If you have any additions or corrections to make to the text below, please
mail me at email@example.com. Better
still, if you are a member of the IMOC-UK
mailing list, post there!
This guide is produced for information only. Although every care has been
taken to produce an accurate and comprehensive guide, I cannot be held legally
responsible for any direct or indirect loss due to its use. Use of this guide
indicates your understanding of these conditions. Basically, I have produced
this to try and help people - please use it in that spirit. This page has a UK
bias as that is where I live and where I checkout out the cars. MR2s are pretty
similar the world over though, so most of what is written below should be
applicable wherever you live.
- A full service history is very desirable. The service history was 5,000
miles for the early cars, upped to 6,000 miles for later models. A big
handful of receipts is always a good sign too, particularly if they are from
a Toyota dealer.
- Another good sign of a well looked after car is the presence of the
toolkit. Open the front boot and look at the offside. The toolkit should be
there along with the jack.
- Check operation of all electrical gadgets such as electric mirrors,
electric windows, wipers and rear demister. The heater fan speed control can
be a problem, so select each position and make sure the fan speed changes
accordingly (the speeds are controlled by a resistor pack buried within the
dashboard behind the glove compartment).
- The Mk1 MR2 has a kind of central locking, in that there is a switch on
the drivers door forward of the electric window switches which will lock and
unlock both doors simultaneously. However, using the key in a door lock will
only operate the lock for that door. Strange but true - it is not a fault!

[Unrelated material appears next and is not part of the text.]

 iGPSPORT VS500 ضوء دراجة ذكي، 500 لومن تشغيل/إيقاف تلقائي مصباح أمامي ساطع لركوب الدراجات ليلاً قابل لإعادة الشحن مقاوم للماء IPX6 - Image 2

- Post-1987 models have an electric aerial - make sure it works!
- Check for sloppiness in the windscreen wiper linkage - this is caused by a
plastic bush, but the whole assembly has to be replaced and it costs over £100!
- Check the tyres. Any wear should be even, except for perhaps wear on the
insides of the rears. Make sure you negotiate something off the asking price
if some or all of the tyres are worn!
- There should be a nice MR2 Eagle badge on the bonnet. These are often
stolen and replacements are in excess of £30 from Toyota!
- Open the front boot and check the bolts that hold the front bumper to the
body. Also check the bolts holding on the trim underneath the nose of the
car. If all these bolts are corroded slightly it is a good sign because the
bumper and trim have probably not been replaced, and therefore the front of
the vehicle has not hit anything!
- While under the nose, check that the bodywork is not corroded badly in
this area. If it is, then it may mean that the vehicle has been incorrectly
jacked causing damage.
- With the front boot still open, look up and check the metal ring that
latches onto the bonnet release mechanism. The paint on it should have worn
off, and perhaps it may even be corroded slightly, indicating that the
bonnet has been in place for some time, not a recent collision damage
- Now look down at the area between the headlights. If there is a plastic
cover here, pop it off. Check that any corrosion on and around the top of
the radiator is surface only, not crumbly and deep. While you are in the
area (and with the ignition switched off to protect your fingers!) spin the
two radiator fans to make sure they are not seized.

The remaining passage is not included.